2

first and foremost, if I make mistakes in nomenclature of the XML file - I am sorry! Let's say I have the following syntax in a XML File:

<book id="bk101">
  <author>Gambardella, Matthew</author>
  <title>XML Developer's Guide</title>
  <genre>Computer</genre>
  <price>44.95</price>
  <publish_date>2000-10-01</publish_date>
  <description>An in-depth look at creating applications 
  with XML.</description>
</book>
<book id="bk102">
  <author>Ralls, Kim</author>
  <title>Midnight Rain</title>
  <genre>Fantasy</genre>
  <price>5.95</price>
  <publish_date>2000-12-16</publish_date>
  <description>A former architect battles corporate zombies, 
  an evil sorceress, and her own childhood to become queen 
  of the world.</description>
</book>

etc..

Some of the books however have extra nodes, such as <author_birth>,<authors_favorite_tvshow> etc..

I would like to take all books in my XML file and transpose them into columns, one book per row. I have tried to get all node values of the books, however with some of the <author_birth> nodes missing, I am unable to use simple For loop, as there is different number of "price" nodes and different number of "<author_birth>".

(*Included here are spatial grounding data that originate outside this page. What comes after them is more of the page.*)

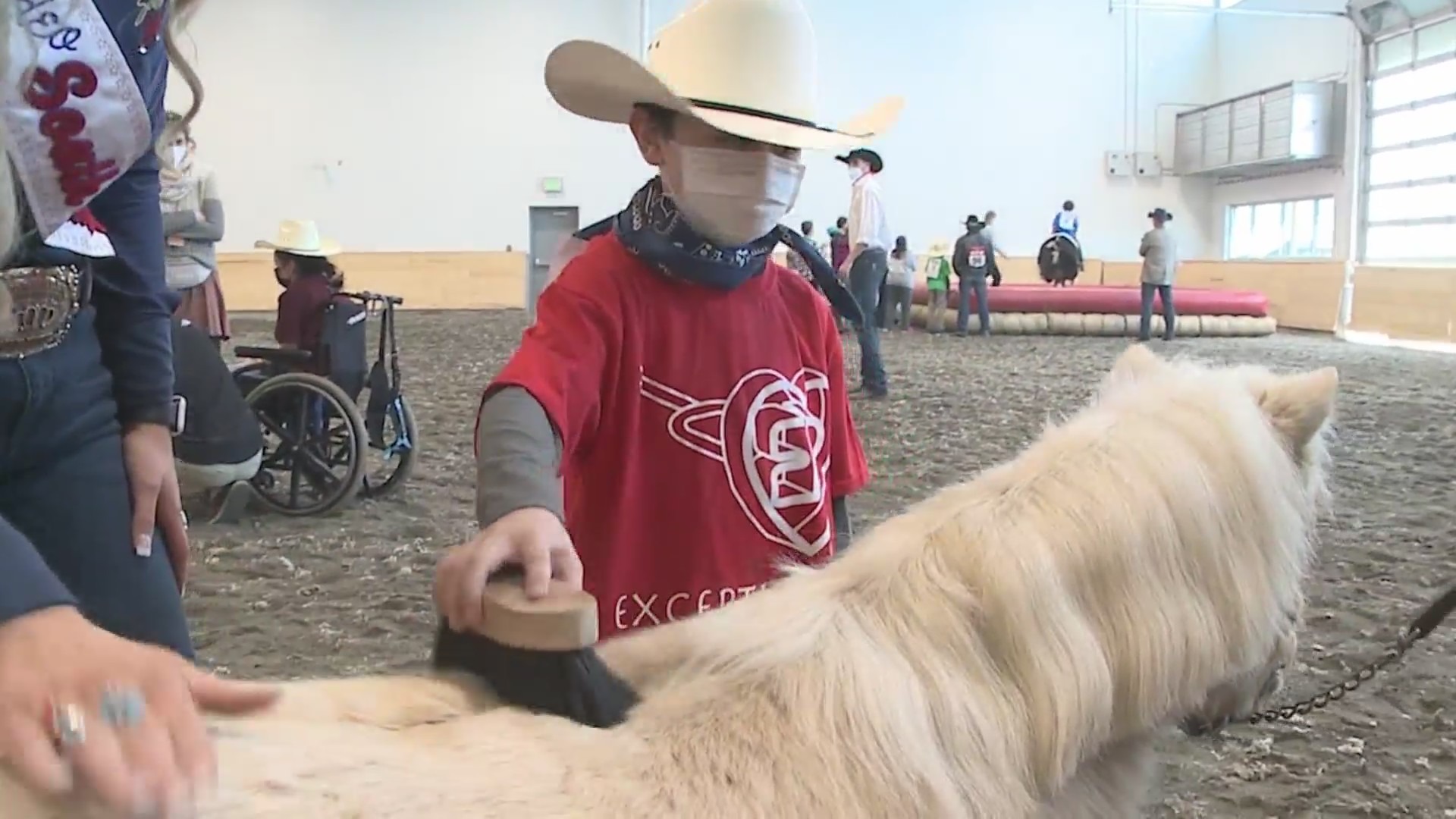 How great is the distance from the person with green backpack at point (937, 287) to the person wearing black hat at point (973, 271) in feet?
0.68

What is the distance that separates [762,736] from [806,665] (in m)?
0.08

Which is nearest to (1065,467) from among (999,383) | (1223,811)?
(1223,811)

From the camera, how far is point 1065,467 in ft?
3.78

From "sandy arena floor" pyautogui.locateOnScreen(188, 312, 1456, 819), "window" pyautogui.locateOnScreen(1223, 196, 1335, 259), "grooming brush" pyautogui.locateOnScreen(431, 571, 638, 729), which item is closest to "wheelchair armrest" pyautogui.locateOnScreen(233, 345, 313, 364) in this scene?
"sandy arena floor" pyautogui.locateOnScreen(188, 312, 1456, 819)

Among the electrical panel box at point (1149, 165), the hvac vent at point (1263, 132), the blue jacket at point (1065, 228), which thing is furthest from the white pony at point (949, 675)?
the electrical panel box at point (1149, 165)

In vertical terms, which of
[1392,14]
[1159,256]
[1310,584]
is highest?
[1392,14]

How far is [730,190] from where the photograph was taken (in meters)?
1.68

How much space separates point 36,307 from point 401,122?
1998 centimetres

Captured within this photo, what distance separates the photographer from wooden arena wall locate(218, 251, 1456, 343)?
16.2m

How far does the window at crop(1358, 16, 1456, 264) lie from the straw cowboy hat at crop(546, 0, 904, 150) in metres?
17.2

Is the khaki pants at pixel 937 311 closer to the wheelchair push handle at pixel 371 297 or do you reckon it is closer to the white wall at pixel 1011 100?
the white wall at pixel 1011 100

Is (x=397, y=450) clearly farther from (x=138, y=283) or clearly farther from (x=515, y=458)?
(x=515, y=458)

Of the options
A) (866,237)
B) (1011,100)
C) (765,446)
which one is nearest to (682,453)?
(765,446)

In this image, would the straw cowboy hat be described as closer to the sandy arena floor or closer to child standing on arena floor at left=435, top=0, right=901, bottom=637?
child standing on arena floor at left=435, top=0, right=901, bottom=637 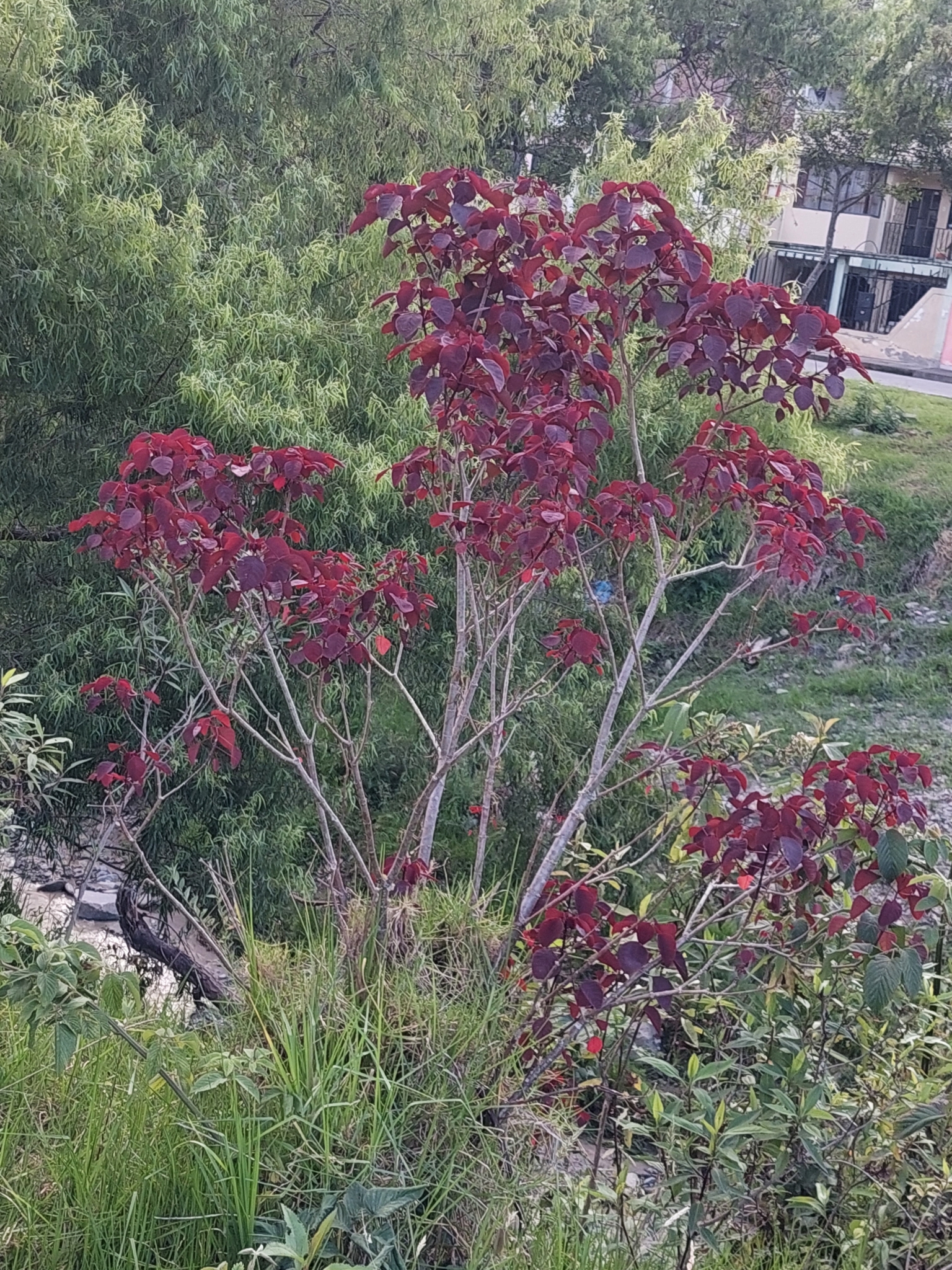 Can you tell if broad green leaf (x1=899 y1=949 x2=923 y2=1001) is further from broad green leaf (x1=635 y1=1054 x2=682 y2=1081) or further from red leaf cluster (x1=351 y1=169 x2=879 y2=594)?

I'd say it would be best to take all the books and loop through them,then take the values of the respective nodes. However I do not know what the right function for this might be..

Thanks!

heikeke
  • 21
  • 1
  • 2
  • 2
    My suggestion is to loop through all the top level XML nodes (`book` nodes) first and create a dictionary of all possible child nodes - basically creating a super-set of nodes that will become the columns of your table. Then begin your second pass through the list and add the data for each of the book nodes to the applicable columns. You could do this in one pass by adding any newly encountered child nodes as new columns to the right of the existing data. – PeterT May 12 '16 at 21:35
  • Hi Peter, yes this is exactly, what I have in mind. The main problem is, that I do not know how to loop over book nodes, as I do not know the correct syntax of the propriate selectors, how to handle the XML objects using VBA etc.. And I failed to find such information online. – heikeke May 12 '16 at 21:46
  • Take a look at [this answer](http://stackoverflow.com/a/20022152/4717755). It does exactly what you want it to do. – PeterT May 12 '16 at 21:49
  • What MS Office application are you using? If Excel or Access, both have XML import modules. – Parfait May 14 '16 at 03:28
  • Thanks PeterT! Managed to get it working, still a bit confused with the whole XML DOM thing in VBA, but now it's doing what I need it to do! ad Parfait: I was using Excel – heikeke May 14 '16 at 18:25

1 Answers1

2

I selectively added publisher, preorder and cover properties to the typical XML code, so the code for test is as follows:

<catalog>
    <book id="bk101">
        <author>Gambardella, Matthew</author>
        <title>XML Developer's Guide</title>
        <genre>Computer</genre>
        <price>44.95</price>
        <publish_date>2000-10-01</publish_date>
        <description>An in-depth look at creating applications with XML.</description>
    </book>
    <book id="bk102">
        <author>Ralls, Kim</author>
        <title>Midnight Rain</title>
        <genre>Fantasy</genre>
        <price>5.95</price>
        <preorder>2.49</preorder>
        <publish_date>2000-12-16</publish_date>
        <description>A former architect battles corporate zombies, an evil sorceress, and her own childhood to become queen of the world.</description>
    </book>
    <book id="bk103">
        <author>Corets, Eva</author>
        <title>Maeve Ascendant</title>
        <genre>Fantasy</genre>
        <price>5.95</price>
        <preorder>1.99</preorder>
        <publish_date>2000-11-17</publish_date>
        <cover>case binding</cover>
        <description>After the collapse of a nanotechnology society in England, the young survivors lay the foundation for a new society.</description>
    </book>
    <book id="bk104">
        <publisher>Pearson</publisher>
        <author>Corets, Eva</author>
        <title>Oberon's Legacy</title>
        <genre>Fantasy</genre>
        <price>5.95</price>
        <publish_date>2001-03-10</publish_date>
        <description>In post-apocalypse England, the mysterious agent known only as Oberon helps to create a new life for the inhabitants of London. Sequel to Maeve Ascendant.</description>
    </book>
</catalog>

Here is an example showing one of the possible solutions that allows to process a table-like data stored as XML and retrieve a 2d array, that represents the table with header. It processes items according to provided XPath selector, considers item childnodes as properties, extracts property names and values, locates the properties at the right columns.

Option Explicit

Sub Test()

    Dim strBooksXML As String
    Dim arrBooks() As Variant

    ' get certain XML code
    strBooksXML = MyXMLData
    ' pass XML code and XPath selector to retrieve table-form array
    arrBooks = ConvertXMLToArray(strBooksXML, "//catalog/book")
    ' resulting array output
    Output Sheets(1), arrBooks

End Sub

Function ConvertXMLToArray(strXML As String, strItemSelector As String) As Variant()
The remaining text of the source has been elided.